There is a vast store of energy which is not centered, which is not ego’s energy at all. It is this energy which is the centerless dance of phenomena, the universe interpenetrating and making love to itself. It has two characteristics: a fire quality of warmth and a tendency to flow in a particular pattern, in the same way in which fire contains a spark as well as the air which directs the spark. And this energy is always ongoing, whether or not it is seen through the confused filter of ego. It cannot be destroyed or interrupted at all. It is like the everburning sun. It consumes everything to the point where it allows no room for doubt or manipulation.
But when this heat is filtered through ego, it becomes stagnant, because we ignore the basic ground, refuse to see the vast space in which this energy occurs. Then the energy cannot flow freely in the open space shared with the object of passion. Instead it is solidified, narrowed, and directed by the central headquarters of ego to move outward in order to draw the object of passion into its territory. This captive energy extends out to its object and then returns to be programmed again. We extend our tentacles and try to fix our relationship. This attempt to cling to the situation makes the communication process superficial. We just touch another person’s surface and get stuck there, never experiencing their whole being. We are blinded by our clinging. The object of passion, instead of being bathed in the intense warmth of free passion, feels oppressed by the stifling heat of neurotic passion.
Free passion is radiation without a radiator, a fluid, pervasive warmth that flows effortlessly. It is not destructive because it is a balanced state of being and highly intelligent. Self-consciousness inhibits this intelligent, balanced state of being. By opening, by dropping our self-conscious grasping, we see not only the surface of an object, but we see the whole way through. We appreciate not in terms of sensational qualities alone, but we see in terms of whole qualities, which are pure gold. We are not overwhelmed by the exterior, but seeing the exterior simultaneously puts us through to the interior. So we reach the heart of the situation, and if this is a meeting of two people, the relationship is very inspiring because we do not see the other person purely in terms of physical attraction or habitual patterns, we see the inside as well as the outside.
This whole-way-through communication might produce a problem. Suppose you see right through someone and that person does not want you to see right through and becomes horrified with you and runs away. Then what to do? You have made your communication completely and thoroughly. If that person runs away from you, that is his way of communicating with you. You would not investigate further. If you did pursue and chase him, then sooner or later you would become a demon from that person’s point of view. You see right through his body and he has juicy fat and meat that you would like to eat up, so you seem like a vampire to him. And the more you try to pursue the other person, the more you fail. Perhaps you looked through too sharply with your desire, perhaps you were too penetrating. Possessing beautiful keen eyes, penetrating passion, and intelligence, you abused your talent, played with it. It is quite natural with people, if they possess some particular power or gifted energy, to abuse that quality, to misuse it by trying to penetrate every corner. Something quite obviously is lacking in such an approach—a sense of humor. If you try to push things too far, it means you do not feel the area properly; you only feel your relationship to the area. What is wrong is that you do not see all sides of the situation and therefore miss the humorous and ironical aspect.

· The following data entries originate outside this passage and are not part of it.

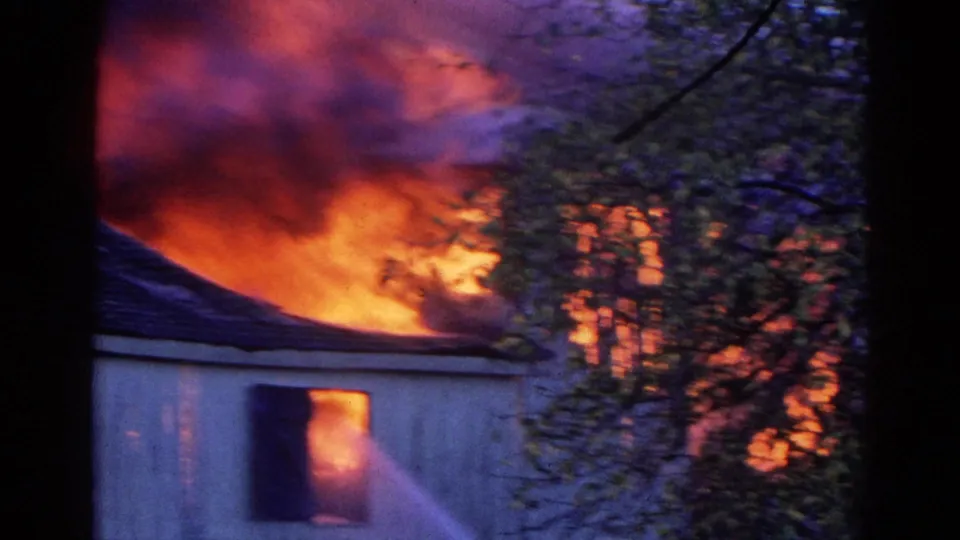 1968 Wauconda fire scene with flames over a house roof and a firefighter hose stream aimed into a burning window.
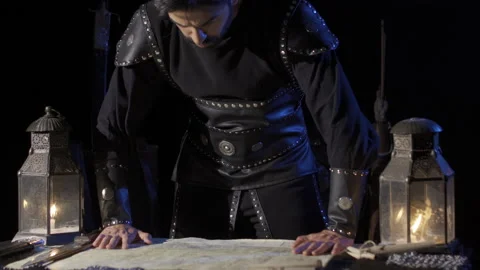 The commander who puts his hands on the table and makes a mark on the map. Stock Footage 199555885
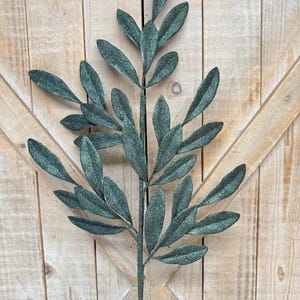 May include: A single artificial olive branch with multiple green leaves and a brown stem. The leaves have a textured, speckled appearance. The branch is set against a light brown wooden background.
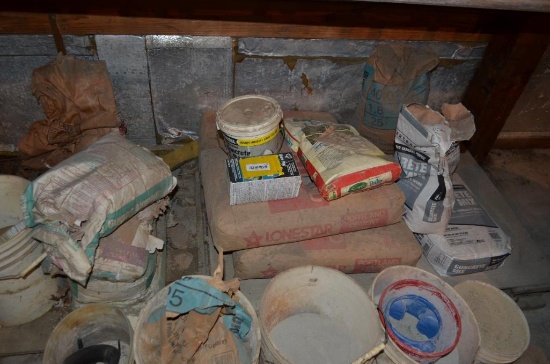 Bags of concrete mix & buckets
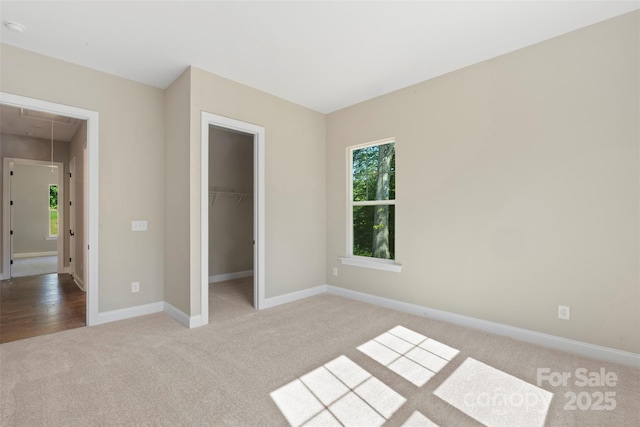 8680 Sherrills Ford Rd, Sherrills Ford, NC 28673 - unfurnished bedroom featuring attic access, carpet, a spacious closet, and a closet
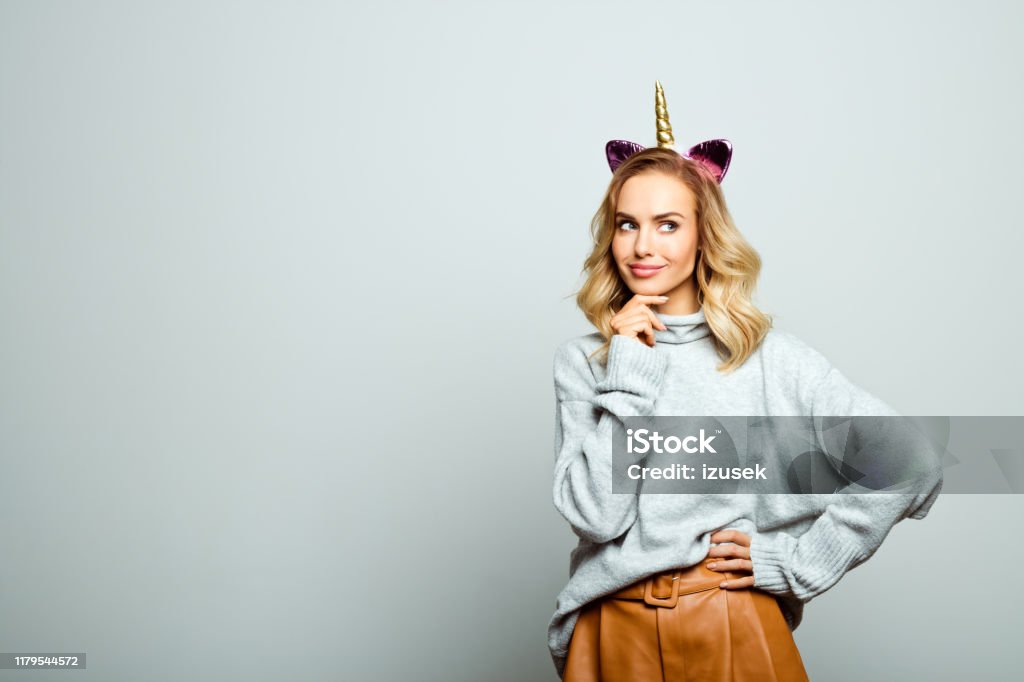 Studio portrait of beautiful woman with unicorn headband Studio shot of happy beautiful woman wearing sweater and unicorn headband standing against grey background and thinking with hand on chin. Unicorn Stock Photo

Sometimes people run away from you because they want to play a game with you. They do not want a straight, honest, and serious involvement with you, they want to play. But if they have a sense of humor and you do not, you become demonic. This is where lalita, the dance, comes in. You dance with reality, dance with apparent phenomena. When you want something very badly you do not extend your eye and hand automatically; you just admire. Instead of impulsively making a move from your side, you allow a move from the other side, which is learning to dance with the situation. You do not have to create the whole situation; you just watch it, work with it, and learn to dance with it. So then it does not become your creation, but rather a mutual dance. No one is self-conscious, because it is a mutual experience.
When there is a fundamental openness in a relationship, being faithful, in the sense of real trust, happens automatically; it is a natural situation. Because the communication is so real and so beautiful and flowing, you cannot communicate in the same way with someone else, so automatically you are drawn together. But if any doubt presents itself, if you begin to feel threatened by some abstract possibility, although your communication is going beautifully at the time, then you are sowing the seed of paranoia and regarding the communication purely as ego entertainment.
If you sow a seed of doubt, it may make you rigid and terrified, afraid of losing the communication that is so good and real. And at some stage you will begin to be bewildered as to whether the communication is loving or aggressive. This bewilderment brings a certain loss of distance, and in this way neurosis begins. Once you lose the right perspective, the right distance in the communication process, then love becomes hate. The natural thing with hatred, just as with love, is that you want to make physical communication with the person; that is, you want to kill or injure them. In any relationship in which the ego is involved, a love relationship or any other, there is always the danger of turning against your partner. As long as there is the notion of threat or insecurity of any kind, then a love relationship could turn into its opposite.